These features, objects and other advantages of the invention are
more fully brought out in the following specifications, reference
being had to the drawing wherein:
FIG. 1 is a perspective view showing a hot plate constructed in
accordance with the present invention;
FIG. 2 is an enlarged, partial cross-sectional view taken along the
line 2--2 of FIG. 1; and
FIG. 3 is a partial, cross-sectional view taken along the line 3--3
of FIG. 2.
Referring now to the drawing, shown there in FIG. 1 is a hot plate
10 constructed in accordance with the invention. The hot plate 10
includes a base portion 12 upon which is operatively mounted a
heated frame portion 14.
The base portion 12 may be formed by, for example, injection
moulding using a suitable plastic material preferrably from a class
known as fluorocarbons. As best seen in FIGS. 1 and 3, the base
portion 12 includes a top wall 16, side walls 18a, 18b as well as
the respective opposite walls thereto, not shown, and a bottom wall
20. Each of the side walls 18a, 18b, and 18c is provided with a
recess 22, reference FIG. 3, to receive the bottom wall 20 during
assembly. The top wall 16 and depending side walls define an
internal wiring compartment 17.
Mounted on the side wall 18b is a coupling member 24 having an
internal threaded region 26 of predetermined length for receiving a
conventional compression fitting 28. The coupling 24 may be
integrally molded with the base portion 12, if desired. Passing
through the side wall 18b and in concentric alignment with the
threaded region 26 is an opening 30 of suitable diameter to permit
the passage of electrical conductors 32 and 34. For the conductors
32 and 34, it is preferred that wire coated with a fluorocarbon
material be used. A plastic tube 36 which may be of the shrink
tubing type and preferably made of fluorocarbon materials is also
provided to carry the conductors 32 and 34 between a source of
power, not shown and the base portion 12.

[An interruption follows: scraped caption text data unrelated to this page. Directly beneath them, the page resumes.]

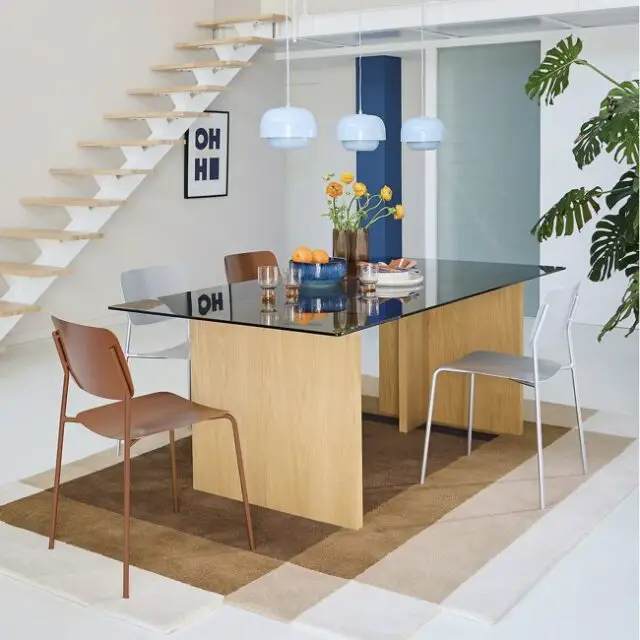 Table à manger, verre fumé et placage chêne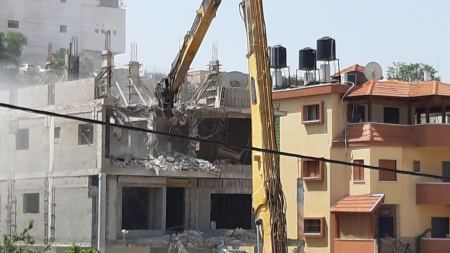 هدم بناية سكنية في كفرقاسم بحجة البناء الغير مرخص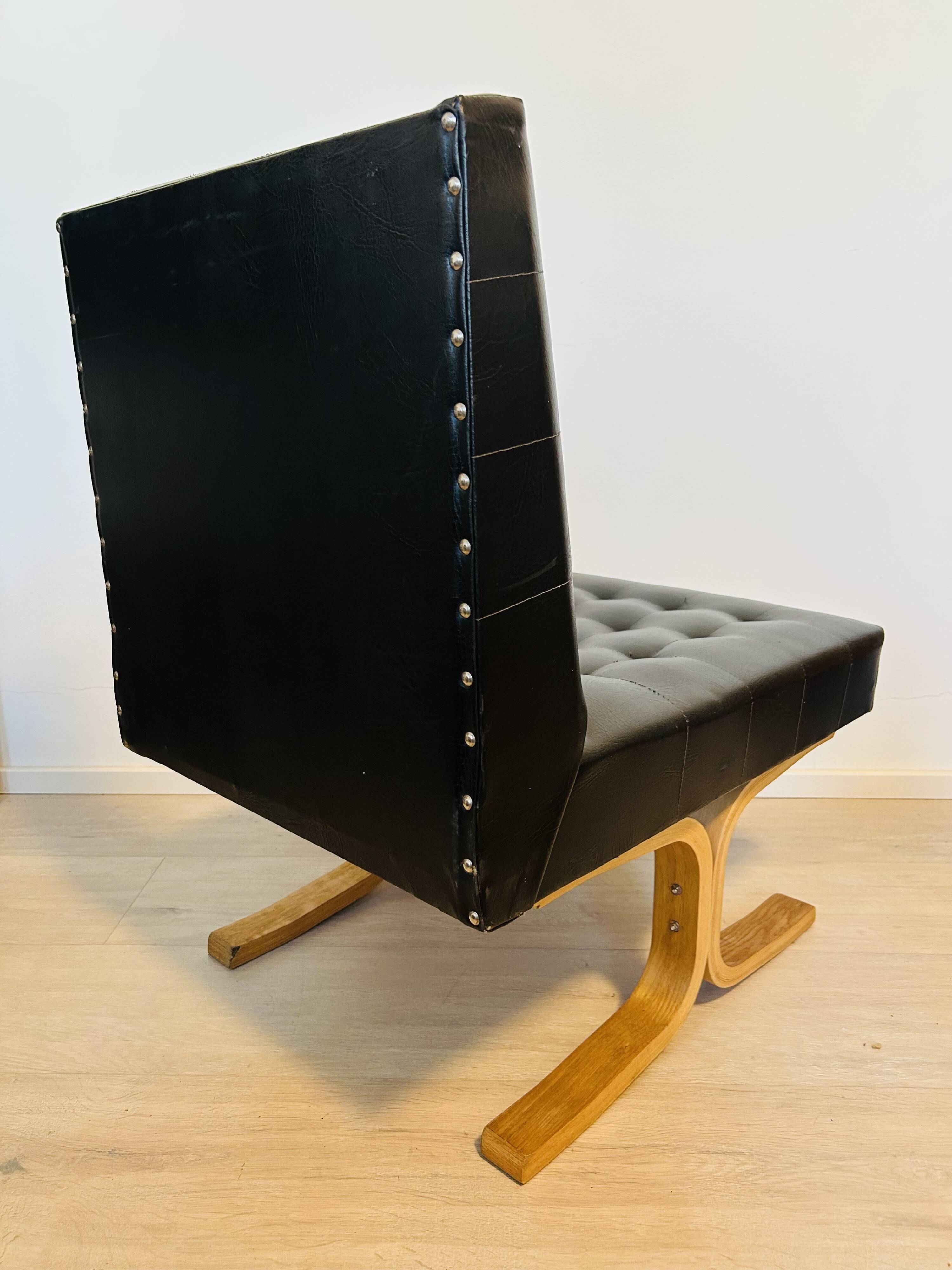 Lounge Armchair “Bratislava” by Ludvík Volak, Czechoslovakia 1970’s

Disposed within the coupling member 24 and surrounding the tubing
36 is a tapered ring insert 38 which, upon properly mounting the
fitting 28 into the coupling 24 causes the insert 38 to be
compressed against the tubing 36 and the conductors 32 and 34. When
installed in this manner the conductors 32 and 34 and the tubing 36
are securely fastened to the base portion 12 at the coupling 24. In
addition, a very effective seal is provided to prevent all
chemicals from coming into contact with the conductors 32 and 34
since the tubing 36 terminates inside the base portion 12 as shown
in FIG. 2.
The heated frame portion 14 includes a ceramic body 40 having a top
deck defining an upper external planar working surface 42, a pair
of mounting clips 44 and 46, a ribbon heater element 48, a backing
plate 50 and a heat resistant foam layer 52 disposed between the
backing plate 50 and the heating element 48. A fibrous pad or layer
49 separates the heating element from the epoxy foam layer 52.
The ceramic body 40 is provided with turned-down edges 54 along the
periphery of the working surface 42 and defining a peripherally
continuous depending wall. The deck and depending peripheral wall
of the ceramic body 40 define a heater compartment 41. The mounting
clips 44 and 46, as best seen in FIG. 2, have two spaced apart,
up-turned brackets 56 and 58 welded together as depicted by a
reference numeral 60 and are formed to fit snugly on the edges 54.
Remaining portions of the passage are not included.